I call Thompson and tell him I’d like to do a piece on him. In reply I hear heavy breathing, but no words, and it wouldn’t take a psychologist to tell he isn’t crazy about the idea. Finally he says, “Well…uh…I don’t know.” More silence, then he says, “I haven’t seen you in a long while. Yeah, maybe it will be fun.”

Hunter S. Thompson: Our 1986 Interview Michael Ochs Archives/Getty Images

As the shuttle plane taking me from Denver to Aspen skirts the snow-crested Rockies, I wonder what the hell I’m doing up here. Thompson didn’t answer any of my four calls to confirm my visit. This crazy bastard could just as well be in Mozambique or Katmandu, but when I register at the Inn of Aspen an hour later, the desk clerk tells me, “Dr. Thompson left word he’ll meet you here for dinner.”

I wait in the room for two hours. No Thompson. I head for the hotel lobby, and as I’m walking down the hall I see this figure coming towards me. He’s solidly built, erect, square-jawed, wearing a heavy windbreaker and a baseball cap pulled down over dark shades that deny eye contact. He looks like Central Casting’s version of a CIA guy on the prowl, but it’s Dr. Thompson himself, the least likely candidate for such a role.

As the gap between us narrows, he starts apologizing for I don’t know what, because I can’t understand what the hell he’s saying. Now I know the night is wasted. It’s obvious that Dr. Thompson has already made his day sampling spirits and ambrosias.

It’s tough enough to understand Thompson’s machine-gun delivery when he’s straight, but when he’s on full throttle he sounds like he’s talking in Morse code, and tonight he’s on full throttle.

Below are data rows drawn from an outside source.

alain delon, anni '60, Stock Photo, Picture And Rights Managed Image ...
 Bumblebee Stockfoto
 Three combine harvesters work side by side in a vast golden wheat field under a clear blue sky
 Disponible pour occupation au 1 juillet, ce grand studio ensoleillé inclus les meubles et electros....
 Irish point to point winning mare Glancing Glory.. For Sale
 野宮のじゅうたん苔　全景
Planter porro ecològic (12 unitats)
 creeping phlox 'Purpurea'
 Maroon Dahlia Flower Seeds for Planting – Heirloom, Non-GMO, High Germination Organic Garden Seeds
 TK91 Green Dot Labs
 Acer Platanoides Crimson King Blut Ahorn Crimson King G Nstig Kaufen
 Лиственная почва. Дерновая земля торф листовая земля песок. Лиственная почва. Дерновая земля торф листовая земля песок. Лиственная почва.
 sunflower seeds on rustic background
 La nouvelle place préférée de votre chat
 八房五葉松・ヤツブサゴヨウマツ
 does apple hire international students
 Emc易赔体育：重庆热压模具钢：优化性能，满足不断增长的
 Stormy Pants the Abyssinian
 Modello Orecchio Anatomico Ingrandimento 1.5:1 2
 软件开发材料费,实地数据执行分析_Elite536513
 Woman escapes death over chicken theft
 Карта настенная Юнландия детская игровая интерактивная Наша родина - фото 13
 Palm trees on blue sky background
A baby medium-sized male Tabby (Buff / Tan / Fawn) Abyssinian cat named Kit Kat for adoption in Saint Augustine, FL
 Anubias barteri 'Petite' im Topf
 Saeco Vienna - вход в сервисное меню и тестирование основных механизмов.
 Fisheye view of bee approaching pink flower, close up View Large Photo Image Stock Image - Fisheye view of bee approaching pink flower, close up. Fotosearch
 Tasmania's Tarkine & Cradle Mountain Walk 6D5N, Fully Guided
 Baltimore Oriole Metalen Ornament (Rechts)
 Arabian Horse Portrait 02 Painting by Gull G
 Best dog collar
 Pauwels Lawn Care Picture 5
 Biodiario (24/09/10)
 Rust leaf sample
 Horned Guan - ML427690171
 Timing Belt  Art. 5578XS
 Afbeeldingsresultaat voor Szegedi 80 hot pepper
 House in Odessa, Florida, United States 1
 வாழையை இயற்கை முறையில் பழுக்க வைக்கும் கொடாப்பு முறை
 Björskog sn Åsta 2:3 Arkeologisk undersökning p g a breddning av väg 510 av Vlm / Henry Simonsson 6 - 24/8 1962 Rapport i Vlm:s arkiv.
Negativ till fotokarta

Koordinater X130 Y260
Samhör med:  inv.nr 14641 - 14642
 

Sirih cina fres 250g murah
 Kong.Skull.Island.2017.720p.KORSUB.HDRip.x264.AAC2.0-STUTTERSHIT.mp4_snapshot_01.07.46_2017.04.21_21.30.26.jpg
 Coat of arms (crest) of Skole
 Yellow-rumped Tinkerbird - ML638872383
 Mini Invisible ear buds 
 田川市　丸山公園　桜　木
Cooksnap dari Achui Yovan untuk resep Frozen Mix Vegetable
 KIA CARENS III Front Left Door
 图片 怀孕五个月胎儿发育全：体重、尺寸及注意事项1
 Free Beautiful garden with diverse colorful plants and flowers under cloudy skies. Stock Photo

Maria Khan, Thompson’s associate, joins us at dinner. She is a cool, intelligent, beautiful young lady who tries to separate sanity from chaos. Hunter keeps babbling on. Finally he realizes I’m not interpreting his high-velocity chatter and he slows up.

Now I see he has something important on his mind. He reaches into a shopping bag, pulls out a poster, unfolds it with some difficulty, then points to the photo in the center. It’s a picture of Thompson when he ran for sheriff of Pitkin County many years ago. Below the picture a caption reads, “Would you sell this man peyote?”

Hunter S. Thompson: Our 1986 Interview Michael Ochs Archives/Getty Images

It’s a funny picture—weird-funny. His head is completely shaved, his face has a pallor, and although he is wearing the obligatory dark shades, you know those eyes are seeing pictures in another world. He looked like a stoned alien who has been left behind by the mother ship. I laugh at the picture. Hunter bristles, then points to it again. “Has to be on the cover,” he says.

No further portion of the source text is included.